RECORDS TO PROCESS
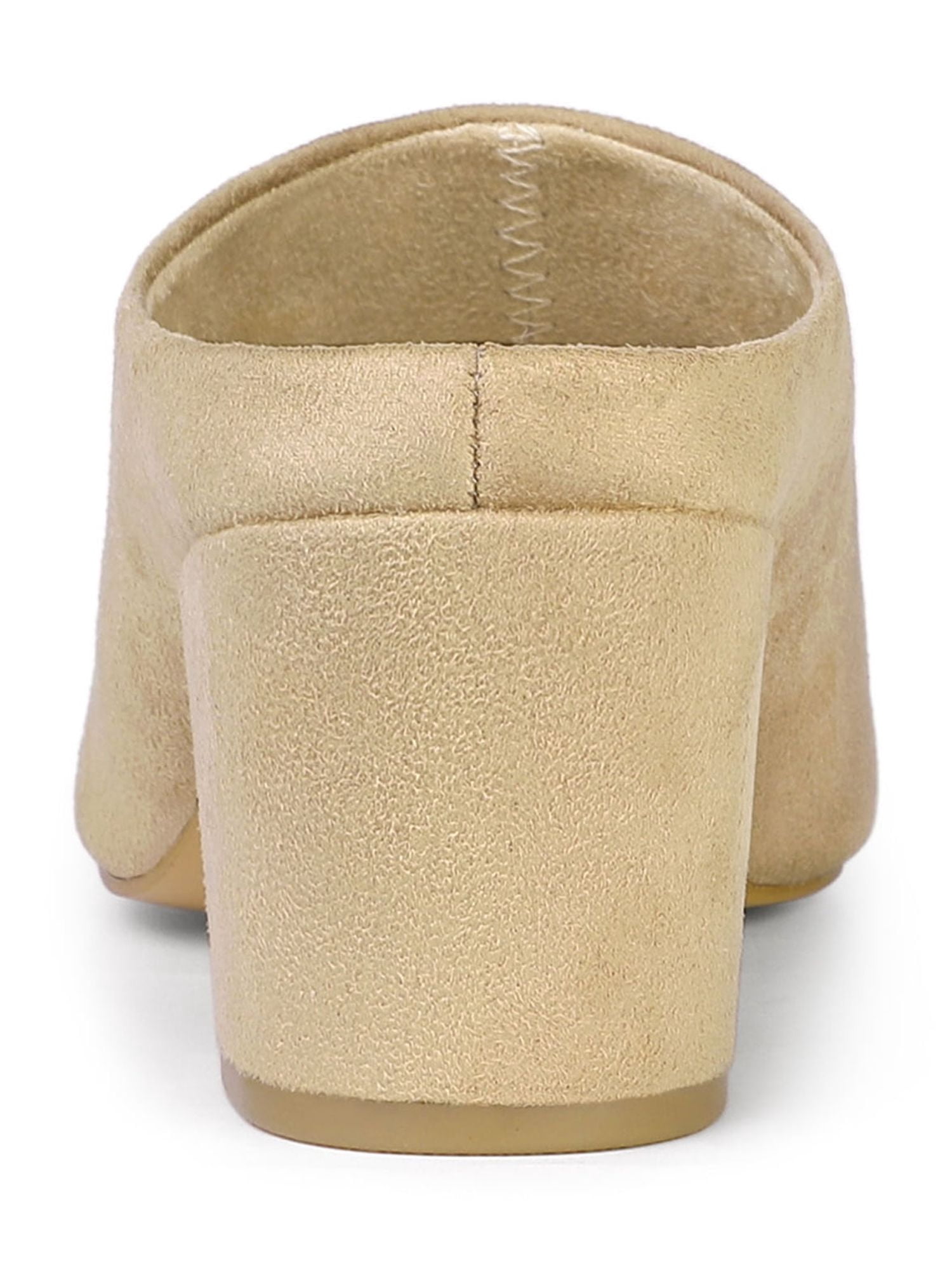DARING DIVA Women's Pointed Toe Slip On Block Heel Slide Mules Beige 8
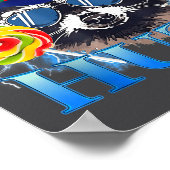 Greetings Huzz Raccoon Meme Chaos Humor Vibes  Poster (Ecke)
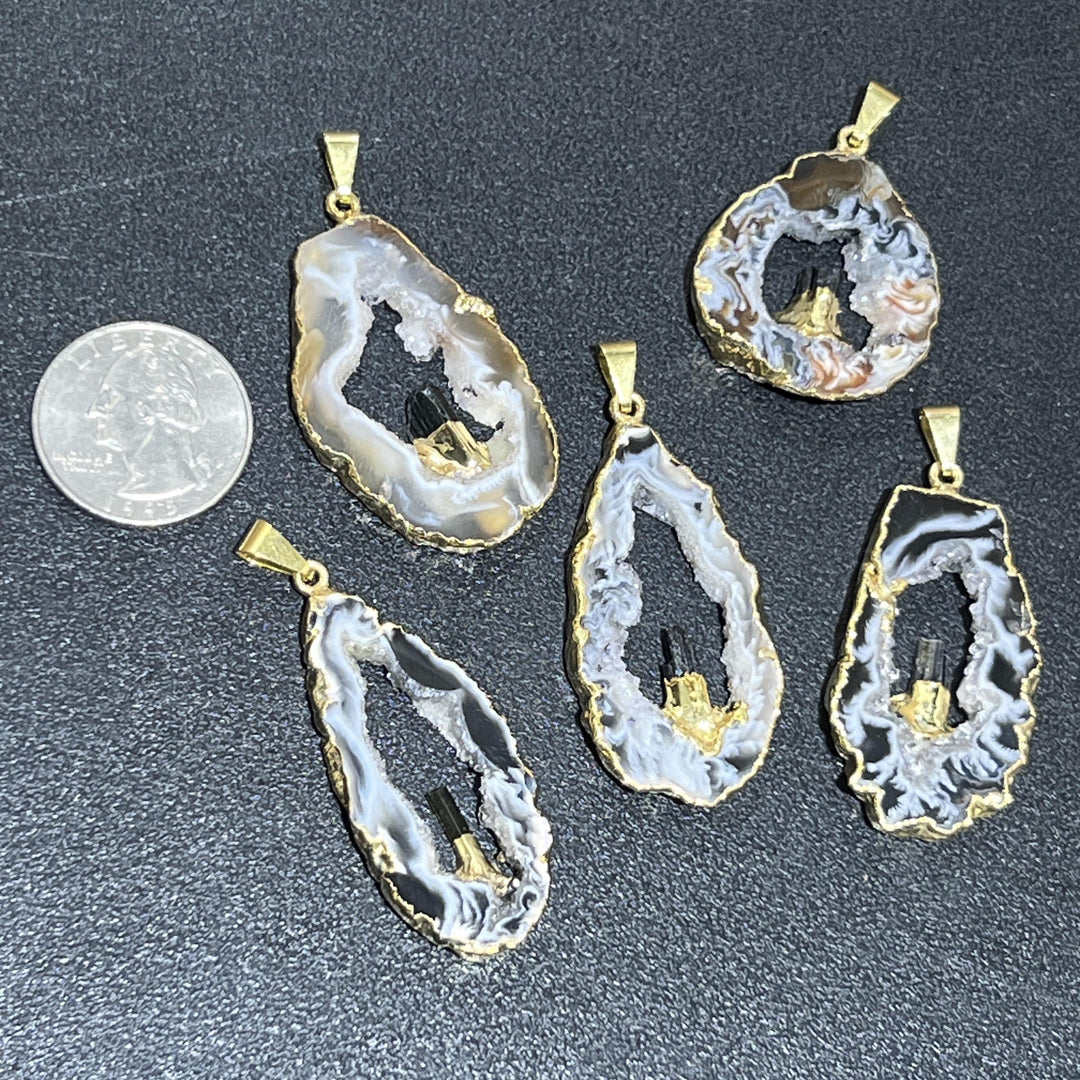 Oco Geode Druzy with Tourmaline Crystal Point Pendant (Gold Dipped)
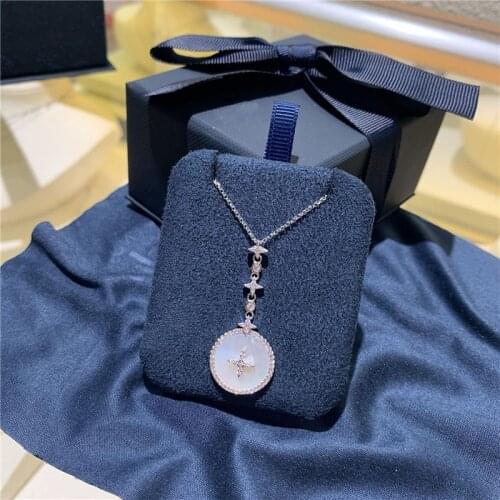 Geometric Shell Luxury Clover Pendants Necklaces for Women Original Quality Brand Zirconia Star Necklace Korean Jewelry Z175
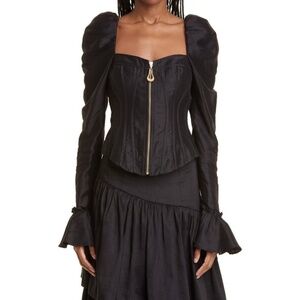 NEW Aje Giselle Long Sleeve Corset Top Black 2 US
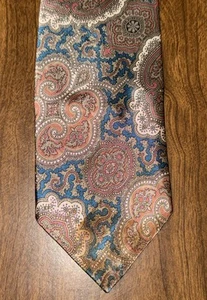Usado en Excelente Condición Corbata Cuello Wembley Starshine 58" x 2 3/4" Vintage Paisley Salvia Azul Rosa Crema - Imagen 1 de 10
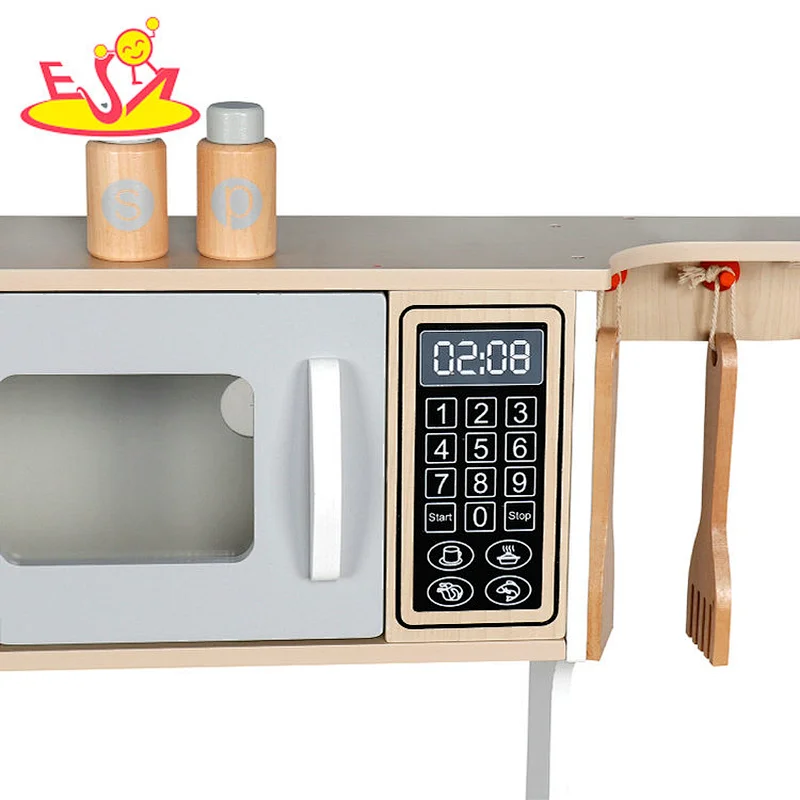Bester Verkauf Kinder spielen Holz Küchenspielzeug Kochset mit Zubehör W10C602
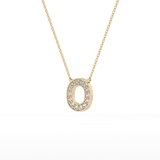 0.22 TCW Round Lab Grown Diamond O Initial Shaped Necklace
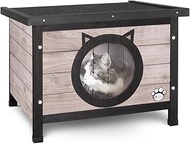 VOUNOT® Wooden Cat House, Weatherproof Cat House with Swing Door in Cat Ear Design & Height-Adjustab
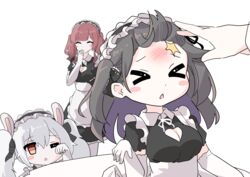  &gt;_&lt; 3girls ;o ^_^ absurdres animal_ears apron azur_lane black_dress black_hair black_hairband black_ribbon blush_stickers breasts cleavage cleavage_cutout closed_eyes clothing_cutout collared_dress commander_(azur_lane) commentary_request cowboy_shot dress elbow_gloves fake_animal_ears flick forehead_flick frilled_apron frilled_dress frilled_hairband frills giggling gloves hair_between_eyes hair_ribbon hairband hand_to_own_mouth heart_cutout highres laffey_(azur_lane) large_breasts long_hair looking_at_another maid maid_apron maid_headdress multiple_girls one_eye_closed one_side_up pamiat_merkuria_(azur_lane) pantyhose puffy_short_sleeves puffy_sleeves rabbit_ears red_eyes red_hair ribbon rubbing_eyes short_sleeves sidelocks simple_background sitting sitting_on_table sleepy smile standing table thighhighs triangle_mouth twintails uduki_(nissi) upper_body white_background white_gloves white_hair white_pantyhose zara_(azur_lane) 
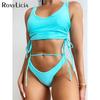 Sexy Lace Up Strappy Padded Bikini Female Swimsuit Women Swimwear Two-pieces Bikini Set Bather Bathing Suit Swim Lady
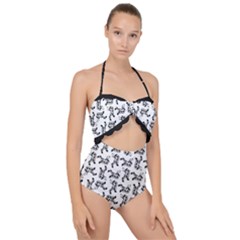 Scallop Top Cut Out Swimsuit 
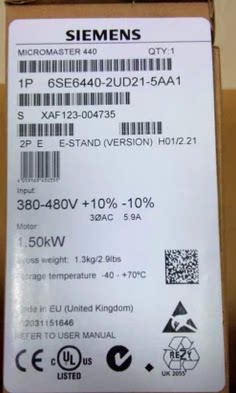 1P 6SE6440-2UC21-5BA1 MM440 1.5KW变频器 6SE64402UD215AA1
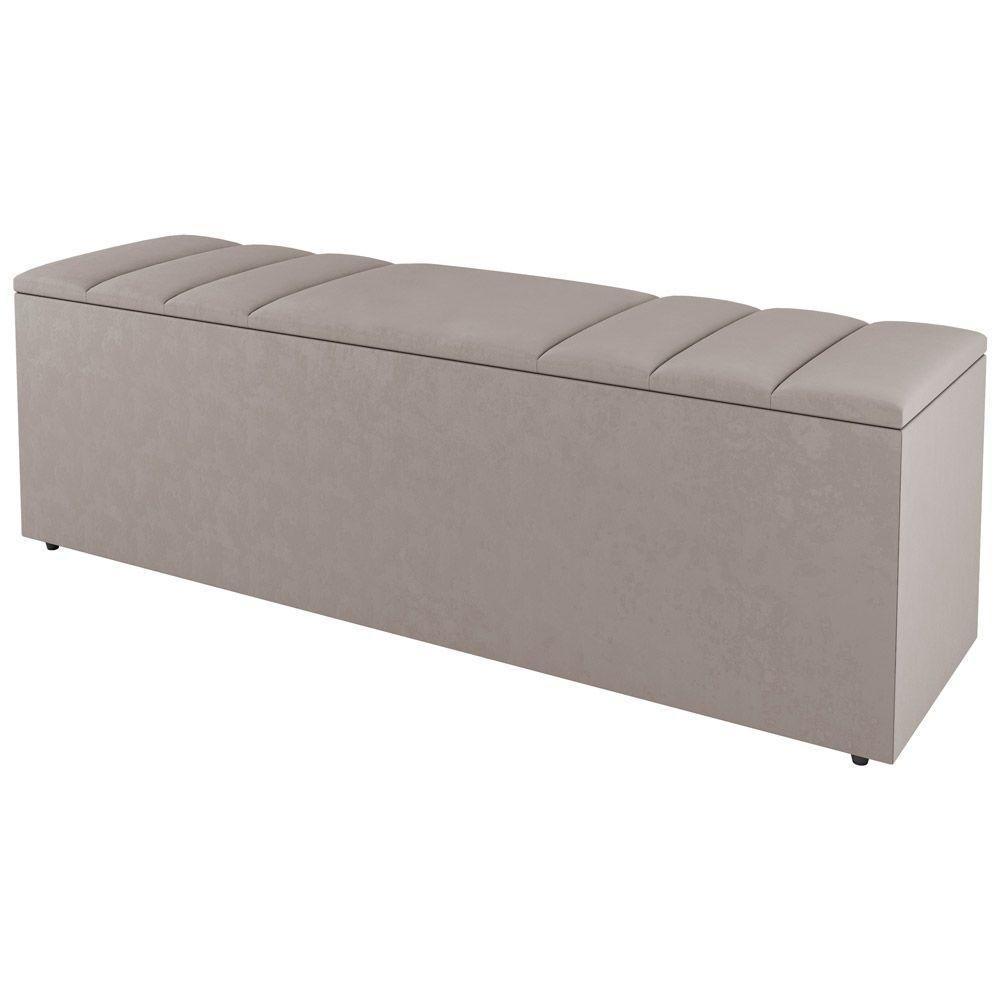 Calçadeira Baú Casal Grace 140cm Suede Bege - Abmaza - 1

PROBLEM TO WORK ON
Set aside the pictures. Then return every line of the material above verbatim.

WRITTEN RESPONSE
DARING DIVA Women's Pointed Toe Slip On Block Heel Slide Mules Beige 8
 Greetings Huzz Raccoon Meme Chaos Humor Vibes  Poster (Ecke)
 Oco Geode Druzy with Tourmaline Crystal Point Pendant (Gold Dipped)
 Geometric Shell Luxury Clover Pendants Necklaces for Women Original Quality Brand Zirconia Star Necklace Korean Jewelry Z175
 NEW Aje Giselle Long Sleeve Corset Top Black 2 US
Usado en Excelente Condición Corbata Cuello Wembley Starshine 58" x 2 3/4" Vintage Paisley Salvia Azul Rosa Crema - Imagen 1 de 10
Bester Verkauf Kinder spielen Holz Küchenspielzeug Kochset mit Zubehör W10C602
 0.22 TCW Round Lab Grown Diamond O Initial Shaped Necklace
 VOUNOT® Wooden Cat House, Weatherproof Cat House with Swing Door in Cat Ear Design & Height-Adjustab
  &gt;_&lt; 3girls ;o ^_^ absurdres animal_ears apron azur_lane black_dress black_hair black_hairband black_ribbon blush_stickers breasts cleavage cleavage_cutout closed_eyes clothing_cutout collared_dress commander_(azur_lane) commentary_request cowboy_shot dress elbow_gloves fake_animal_ears flick forehead_flick frilled_apron frilled_dress frilled_hairband frills giggling gloves hair_between_eyes hair_ribbon hairband hand_to_own_mouth heart_cutout highres laffey_(azur_lane) large_breasts long_hair looking_at_another maid maid_apron maid_headdress multiple_girls one_eye_closed one_side_up pamiat_merkuria_(azur_lane) pantyhose puffy_short_sleeves puffy_sleeves rabbit_ears red_eyes red_hair ribbon rubbing_eyes short_sleeves sidelocks simple_background sitting sitting_on_table sleepy smile standing table thighhighs triangle_mouth twintails uduki_(nissi) upper_body white_background white_gloves white_hair white_pantyhose zara_(azur_lane) 
 Sexy Lace Up Strappy Padded Bikini Female Swimsuit Women Swimwear Two-pieces Bikini Set Bather Bathing Suit Swim Lady
 Scallop Top Cut Out Swimsuit 
 1P 6SE6440-2UC21-5BA1 MM440 1.5KW变频器 6SE64402UD215AA1
 Calçadeira Baú Casal Grace 140cm Suede Bege - Abmaza - 1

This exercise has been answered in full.